One point I struggle with is when to write a decision record. There are many decisions that go through without us even realizing it was a decision, sometimes it was just a reply to a comment, or something said on a meeting, which you put on the code and boom, a decision, usually logged only on the “why” of a commit message

What would be the rule of thumb, which decision size is big enough to worth a DR, what triggers “I have to write a DR for this”?


Anything that is related to "why" related to _changes in_ architecture and domain usually goes in for me. e.g.

- Why did we end up not using FIFO queues here?

- Why did we decide to disable users who did x?

- Why did we create a new module rather than updating the existing one?

I say "changes in" because we'd often write an architecture document at the start of a project. That document has the initial assumptions and reasonings. A decision record documents inevitable changes to the plan as we find out more about the problem space.

I also find having a person directly responsible updating the record is the best, if the project doesn't involve too many people.


Do you keep an engineering log for yourself?

If not, then start one as that's the easiest way to review what the concerns of the day were back then, and to begin to see where having history starts paying dividends.

Otherwise, something like the principle of https://en.m.wikipedia.org/wiki/Prudent_man_rule -- ie. were you parachuted into this project, which decisions would need rationales?


In talking to my team, my advice has been "whenever it will be useful", which is of course a bit glib but I don't think we want hard and fast rules.

It's going to be more true of things that are harder to change, more true of things that touch more places in the code, more true when decisions are higher risk, more true when reasoning is less obvious.

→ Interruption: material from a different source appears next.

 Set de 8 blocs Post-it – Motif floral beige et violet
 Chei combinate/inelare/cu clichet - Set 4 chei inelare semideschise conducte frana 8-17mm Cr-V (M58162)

I also think we should err on the side of writing too many ADRs, and writing ADRs that are too lightweight. There's some implicit pressure that if we're writing down our reasoning we'd better make sure it's good reasoning, but it's simultaneously true that some decisions don't deserve a lot of deliberation and when a decision didn't get a lot of deliberation we would like to know that down the line. If we capture some number of ADRs that say "decided XYZ because shrug", then down the line when we're inevitably bit by some bad decisions, we can look at whether those were disproportionately the ADRs that got less thought.


We’ve started to do this when it comes to stuff that is architechtural significant, for example team A decides to event-source foo. Or team B opts to write microservices. Also - anything infosec related goes through an ADR process.

Rule of thumb: are we, or someone else, going to second guess this decision in a year or two? If it feels likely an ADR is in place.


Writing is pretty easy, reading is the hard part. Between the ridiculous amount needed to read, plus the fact that maintaining up-to-date information is really difficult and how that makes reading even worse ("Should I bother reading this when it is out of date, or just talk to the person that has it all in their head?").

Written works have an over-exaggerated finality to them. They can be good for capturing some of the reasoning behind a decision, but even then, it is only somewhat spotty.


I'll agree that reading is hard, but I think it's also fair to say that reading good writing is easier. Then, we can say that it's hard to write well, and it follows that reading most writing is hard (including this comment probably...)


I've been liking ADRs with cross-references that are checked in CI and surfaced in code review.


I write copious documentation for everything I touch. My colleagues do not bother to read them, nor do they try to learn from my practices. I continue to do so, everywhere I go, because I design my applications by writing documentation first, or alongside my code. It helps me think. I do not think that tools are necessarily the problem. I use README.md files mostly after trying to use Sphinx and Notion. This has a very low entry point. But they do not care. They insist on using one time hacks and never documenting things, even Root Cause Analyses.

Like others have said here, we need ways to improve and build a culture of reading and writing documentation. Our CTO says he wants to build this, but there's some disconnect.


If you don't have the skills, power, or desire to improve the culture where you work, and it consistently bothers you, then go work somewhere that's already closer to what you want.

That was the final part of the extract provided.